Prompt ▸ Only the lines in the entries below from the line with "Photo 7 from" to the line with "Thumbnail 1 in", both included, belong in the answer, transcribed exactly and without pictures.

Records ▸
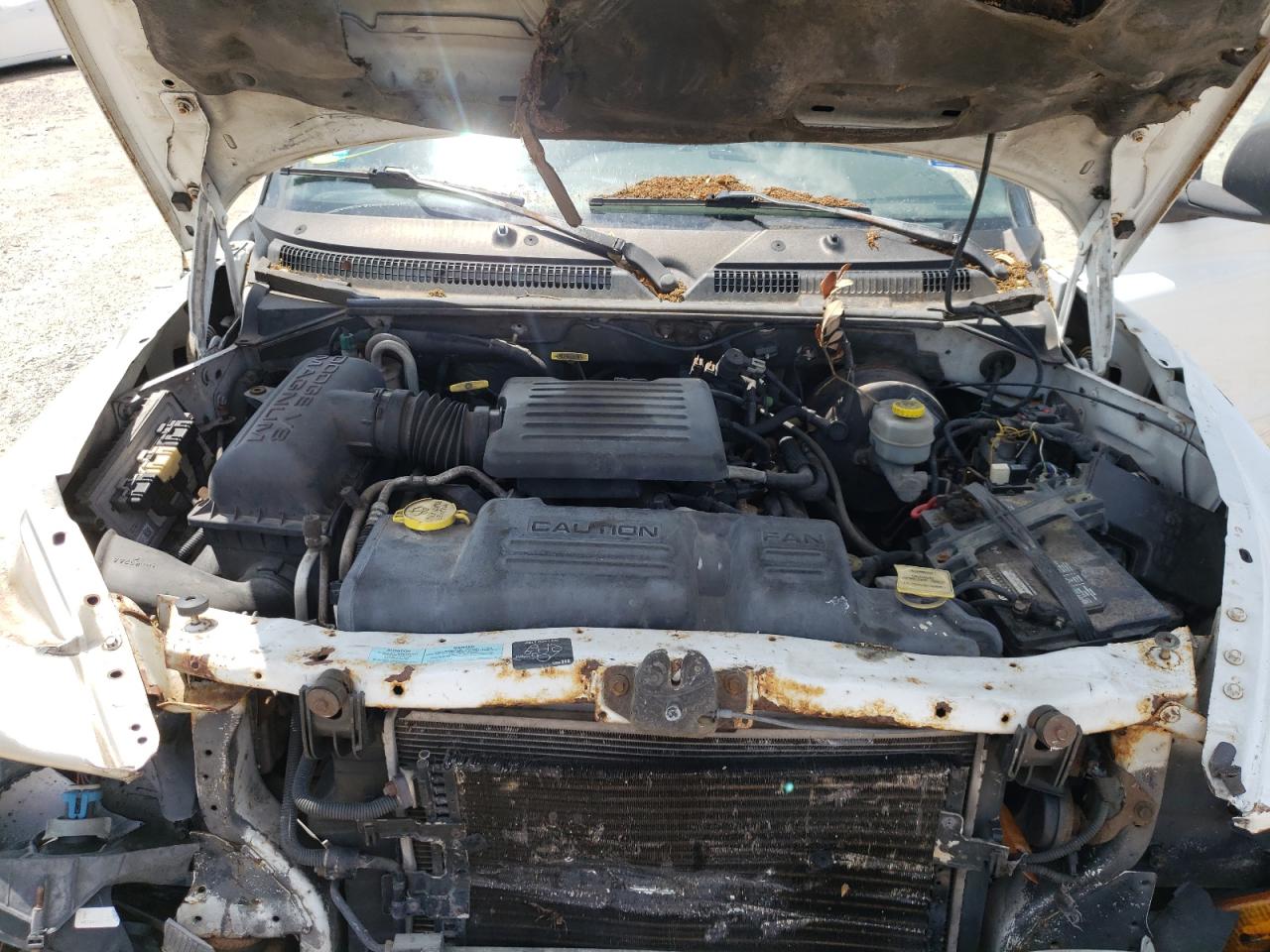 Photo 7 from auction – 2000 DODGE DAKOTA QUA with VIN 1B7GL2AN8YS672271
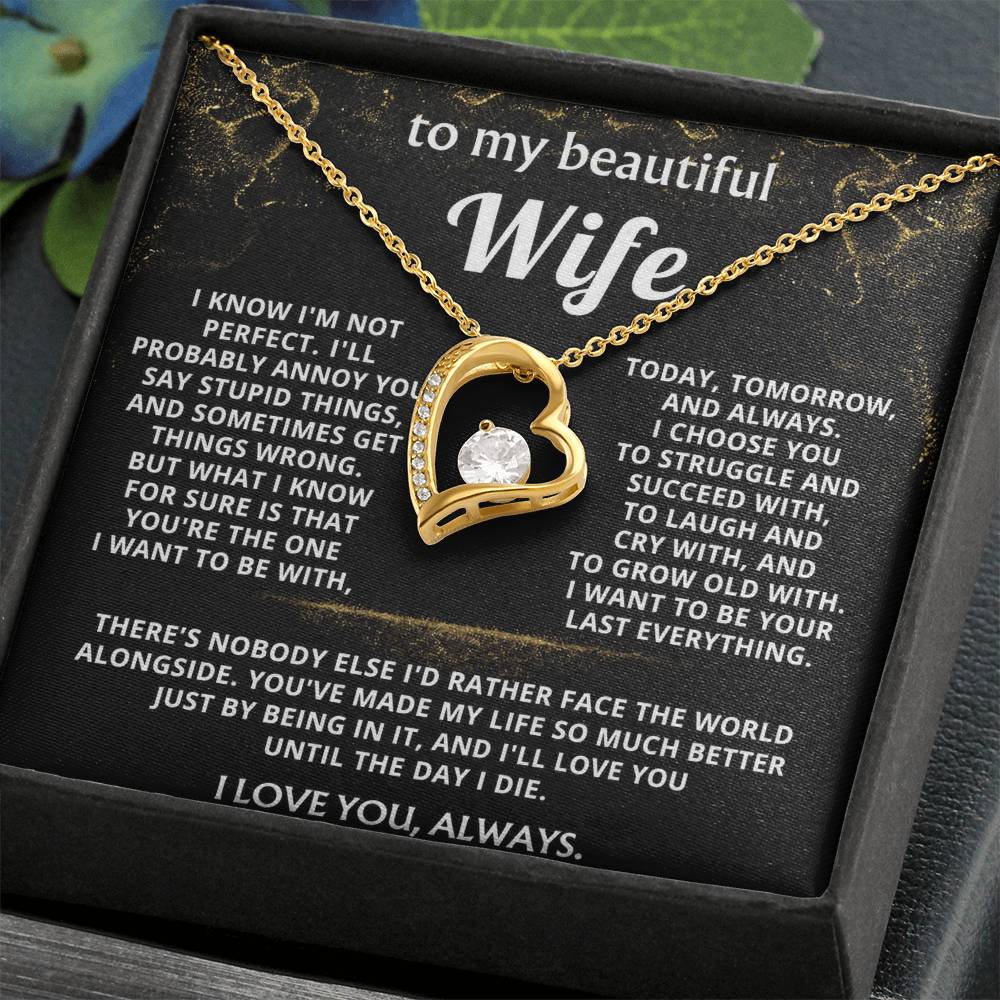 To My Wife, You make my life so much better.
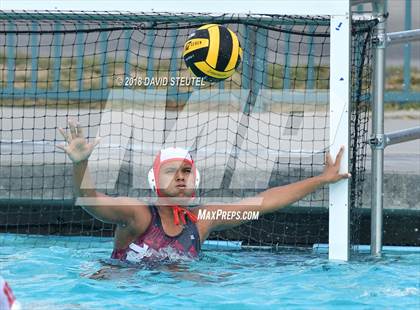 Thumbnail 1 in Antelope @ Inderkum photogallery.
* * *
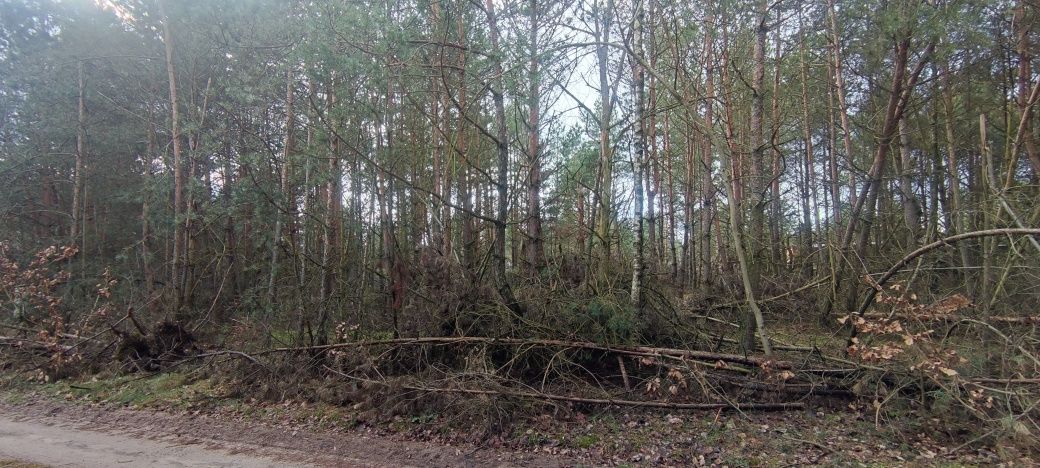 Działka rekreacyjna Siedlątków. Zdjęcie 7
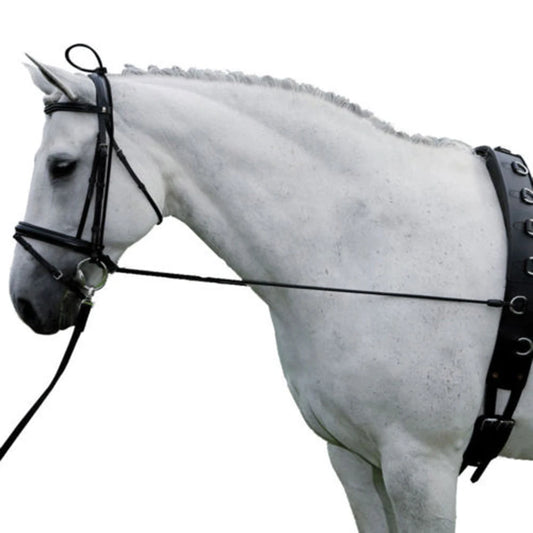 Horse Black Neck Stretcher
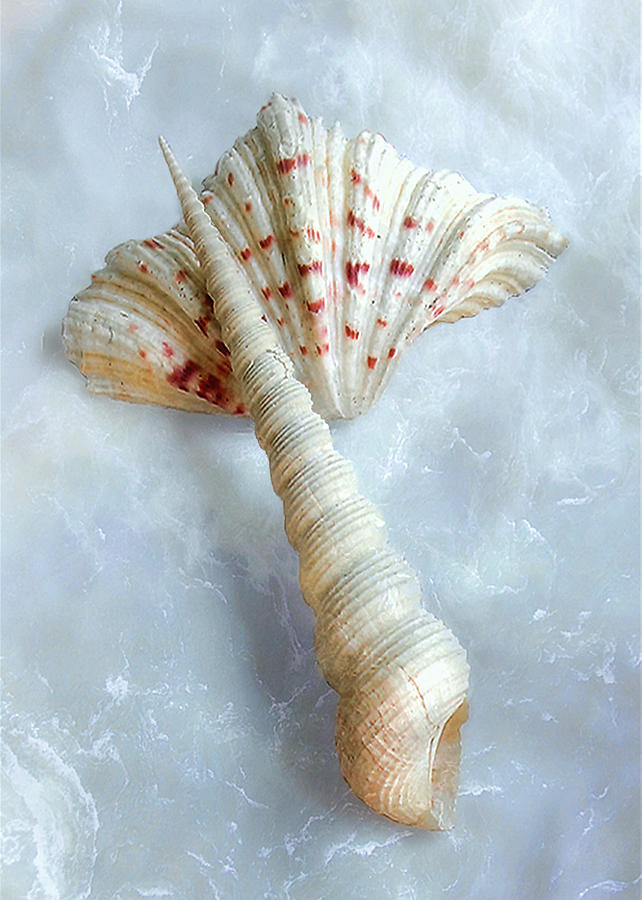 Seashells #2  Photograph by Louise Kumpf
...
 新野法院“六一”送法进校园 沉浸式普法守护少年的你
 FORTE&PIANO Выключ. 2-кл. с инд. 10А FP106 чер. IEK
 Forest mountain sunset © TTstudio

Written response ▸
 Photo 7 from auction – 2000 DODGE DAKOTA QUA with VIN 1B7GL2AN8YS672271
 To My Wife, You make my life so much better.
 Thumbnail 1 in Antelope @ Inderkum photogallery.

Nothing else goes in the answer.